→ **What this task involves**: Go to the line below that contains "۱۰ متر دفتر کار". From there to the end of the records, reproduce each line exactly, except the pictures.

→ **Data for this task**:
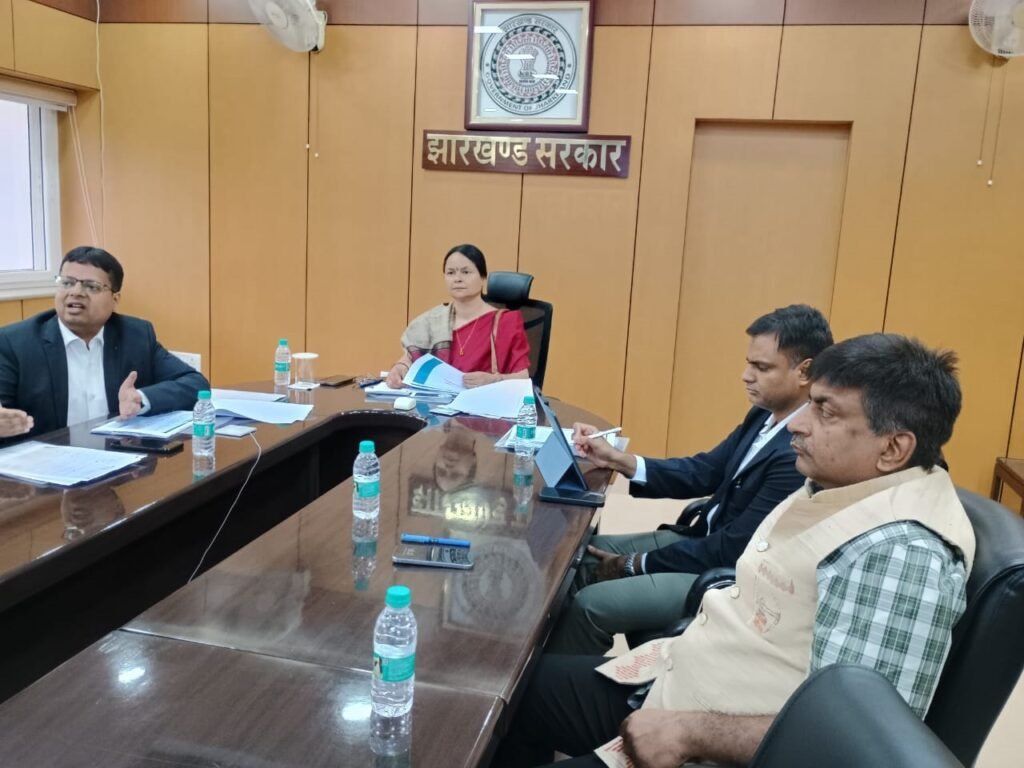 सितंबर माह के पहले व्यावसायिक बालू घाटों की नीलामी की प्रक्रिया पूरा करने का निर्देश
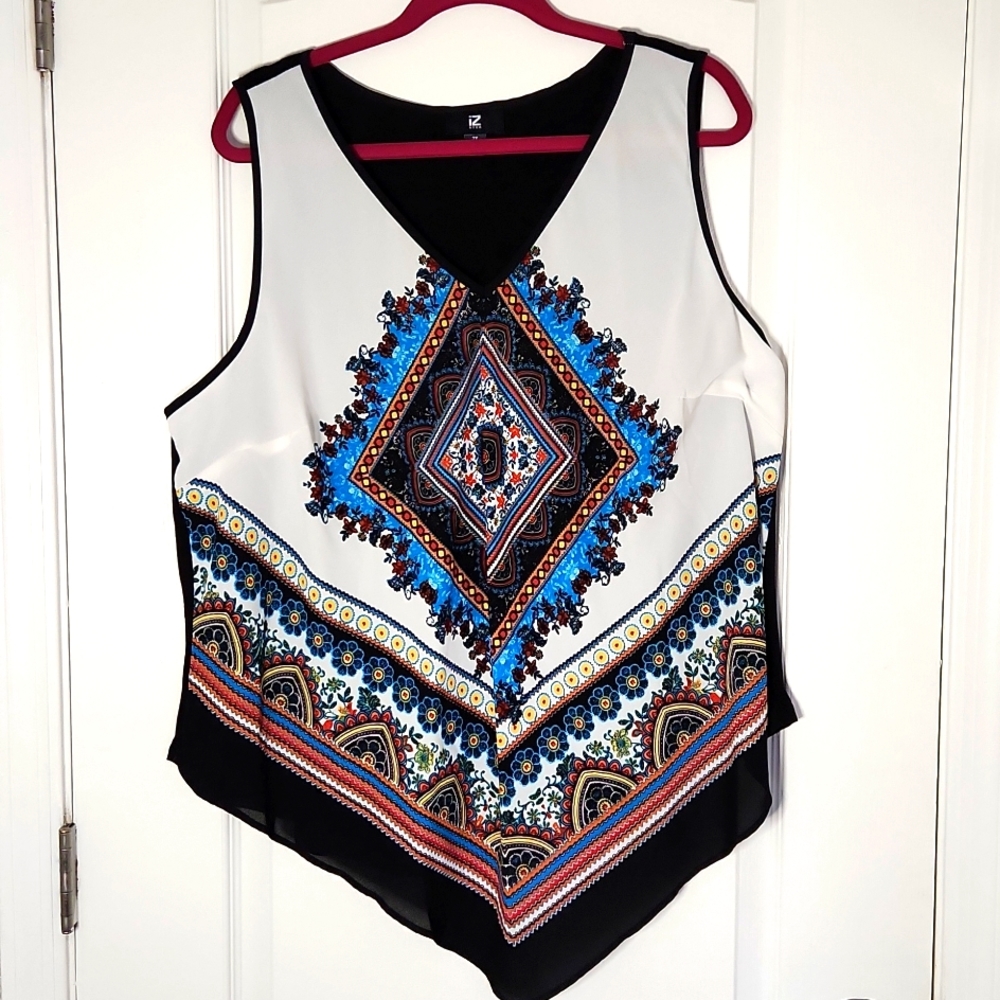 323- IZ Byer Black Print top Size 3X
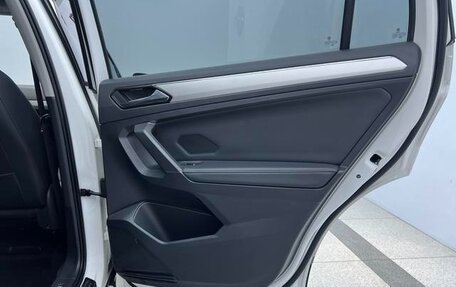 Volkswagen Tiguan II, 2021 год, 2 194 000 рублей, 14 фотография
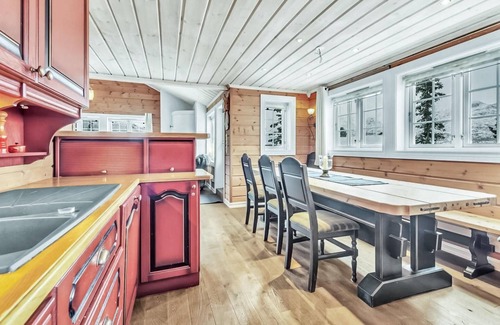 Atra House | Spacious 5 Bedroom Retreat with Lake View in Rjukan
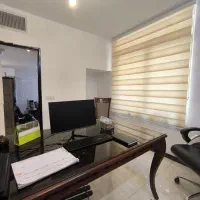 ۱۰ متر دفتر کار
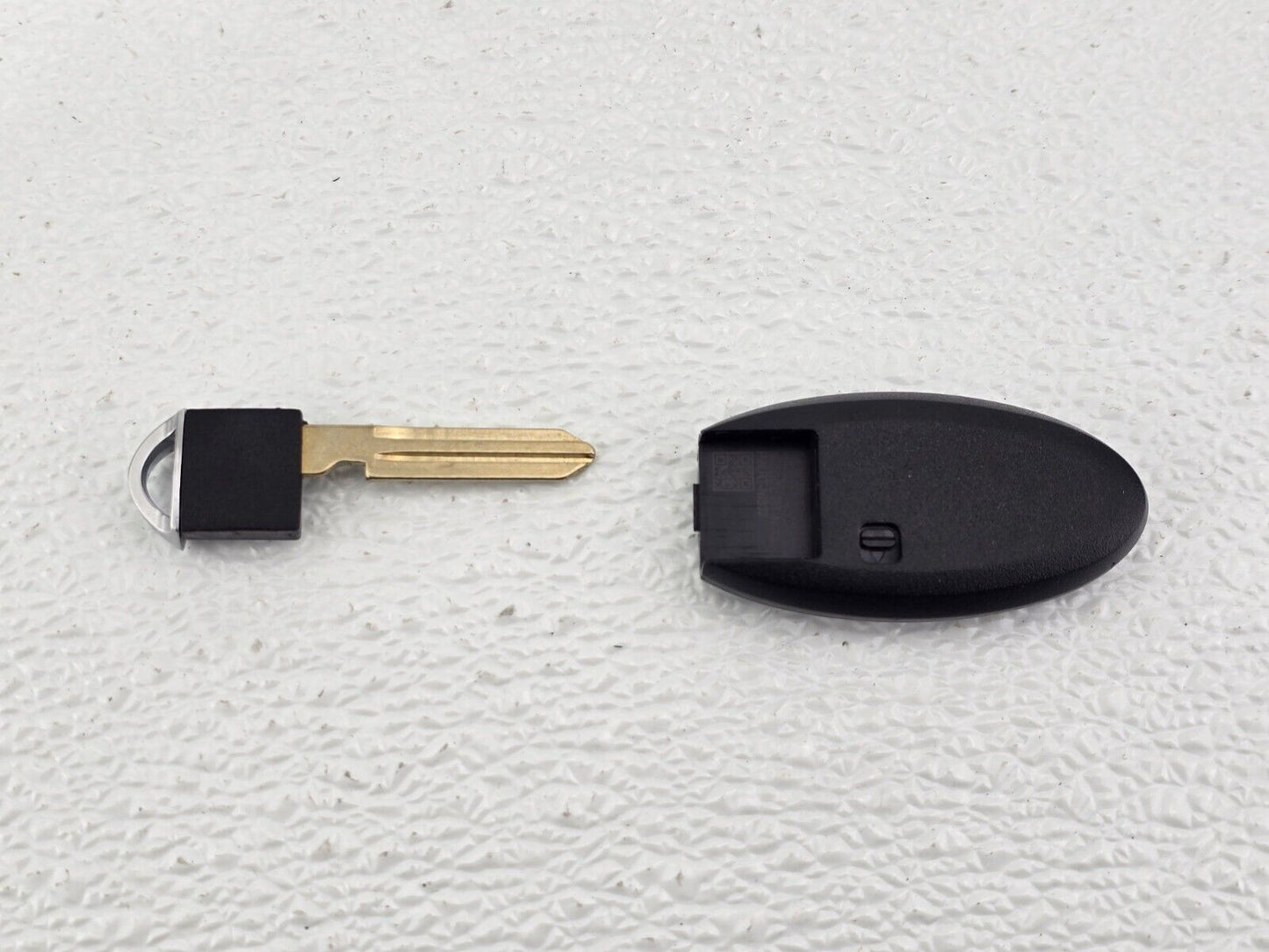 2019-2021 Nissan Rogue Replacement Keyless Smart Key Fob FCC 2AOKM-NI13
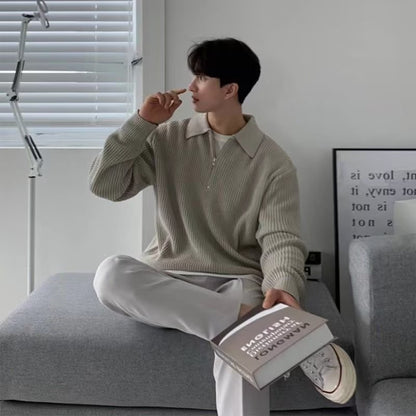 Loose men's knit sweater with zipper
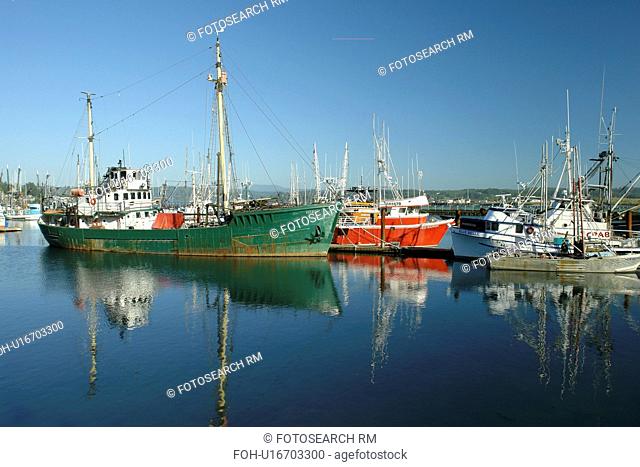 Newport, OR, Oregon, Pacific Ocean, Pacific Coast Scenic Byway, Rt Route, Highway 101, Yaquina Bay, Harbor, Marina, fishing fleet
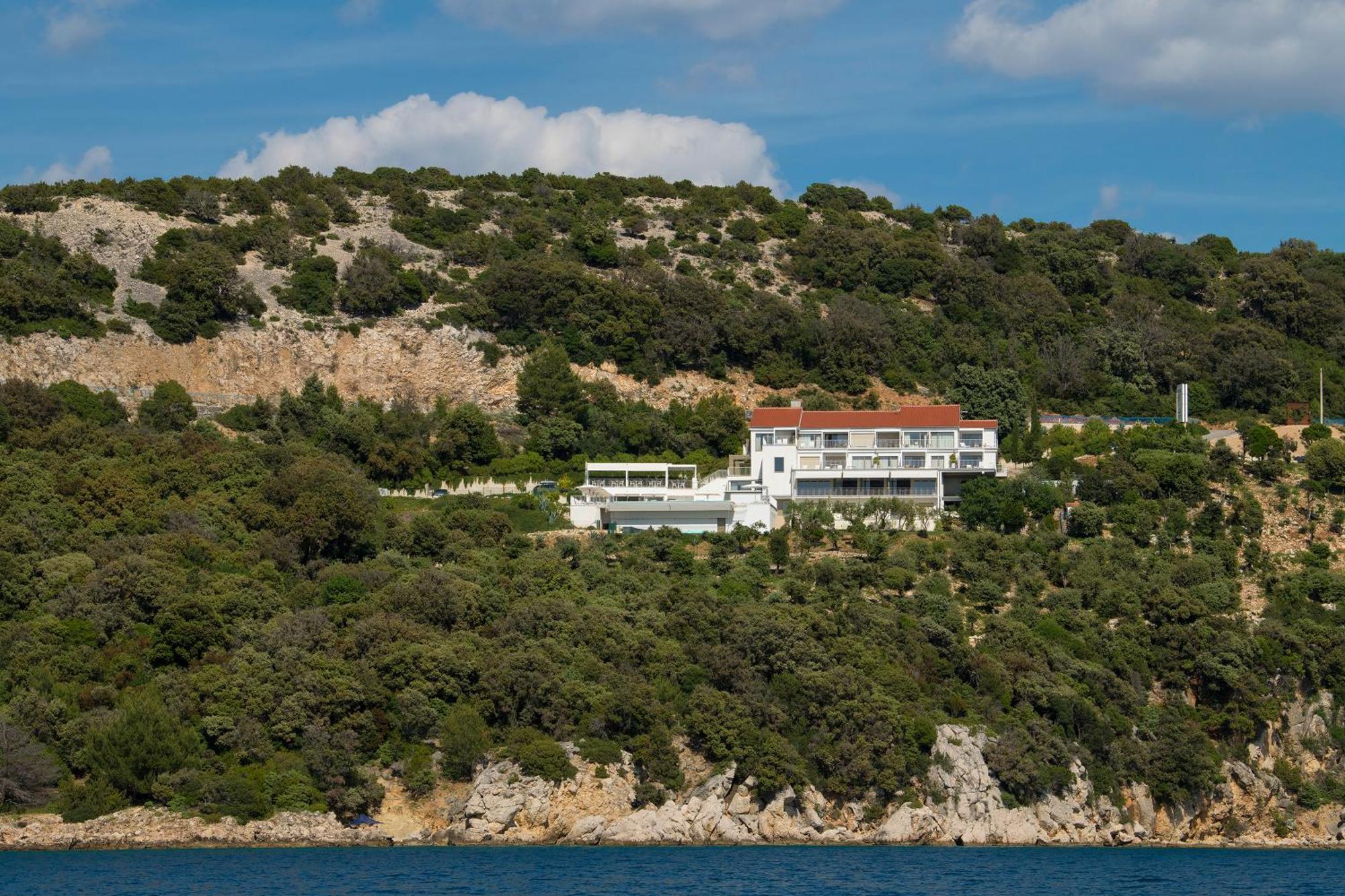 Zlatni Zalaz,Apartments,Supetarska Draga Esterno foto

→ **Answer box**:
 ۱۰ متر دفتر کار
 2019-2021 Nissan Rogue Replacement Keyless Smart Key Fob FCC 2AOKM-NI13
 Loose men's knit sweater with zipper
 Newport, OR, Oregon, Pacific Ocean, Pacific Coast Scenic Byway, Rt Route, Highway 101, Yaquina Bay, Harbor, Marina, fishing fleet
 Zlatni Zalaz,Apartments,Supetarska Draga Esterno foto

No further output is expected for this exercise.